Ground Truth Bounding Box extracted image feature

This repository is a tool to extract object feature maps from images. If you want to use ground truth bounding boxes(e.g. Open Images bounding box) instead of region proposals(generated in rpn in Mask R-CNN), you will find this project helpful.
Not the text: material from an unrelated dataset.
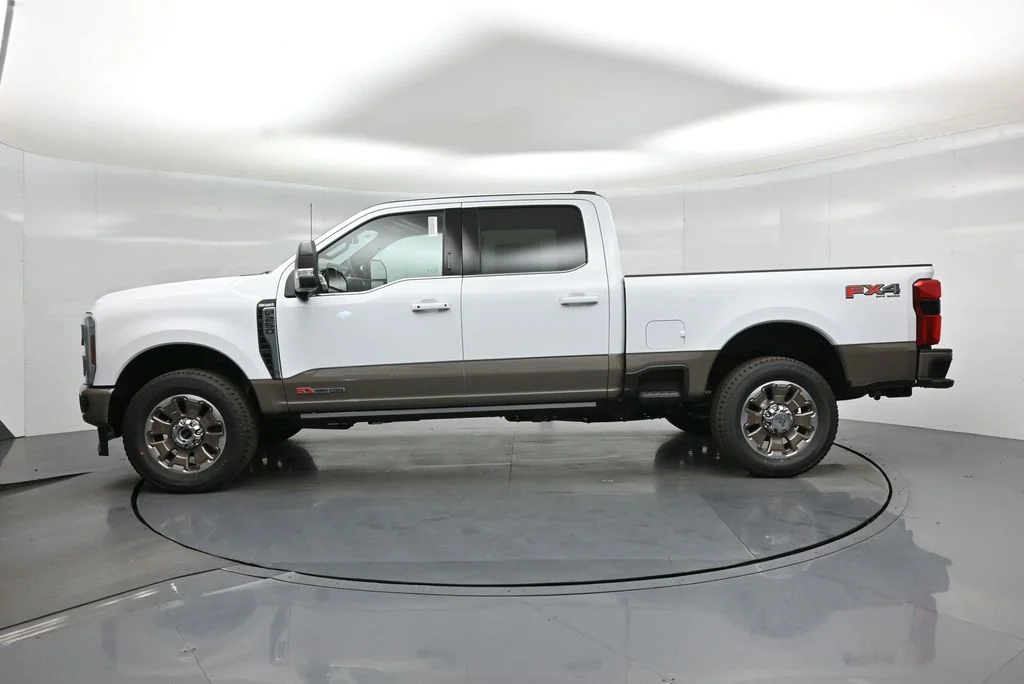 New 2026 Oxford White Ford King Ranch image 29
Only several small modifications have been added to the original vqa-maskrcnn-benchmark.

Changed files

  1. ./maskrcnn_benchmark/structures/image_list.py
  2. ./maskrcnn_benchmark/modeling/detector/generalized_rcnn.py
  3. ./extract_features_vmb.py
  4. ./maskrcnn_benchmark/modeling/roi_heads/box_head/box_head.py

Instructions

  1. set up the environment first pip install torch and torchvison
python setup.py build
python setup.py develop
pip install opencv-python yacs tqdm
  1. download detectron model and configuration file
- "https://dl.fbaipublicfiles.com/pythia/detectron_model/detectron_model.pth"
- "https://dl.fbaipublicfiles.com/pythia/detectron_model/detectron_model.yaml"

put them in ./model/detectron_model.pth and ./model/detectron_model.yaml 2. download ground truth bounding box and store them in ./bbox/bbox.json file(a dictionary), with file format:

{
  "000c5171b38d4bb0": [
    [
      "0.742582",
      "0.779320",
      "0.518804",
      "0.597472"
    ]
  ],
  "00183df6ffe09093": [
    [
      "0.432475",
      "0.480983",
      "0.774041",
      "0.832049"
    ]
}
000c5171b38d4bb0 is image id and the four numbers are xmin, xmax, ymin, ymax(after normalization)
  1. put images in ./data/images
  2. generating feature maps
CUDA_VISIBLE_DEVICES=x nohup python -u  extract_features_vmb.py --image_dir ./data/images --model_file ./model/detectron_model.pth --config_file ./model/detectron_model.yaml --output_folder ./output --batch_size 2 --bbox_json ./bbox/bbox.json > generate_feat.log 2>&1 &

Reminders

  1. the images have to be jpg file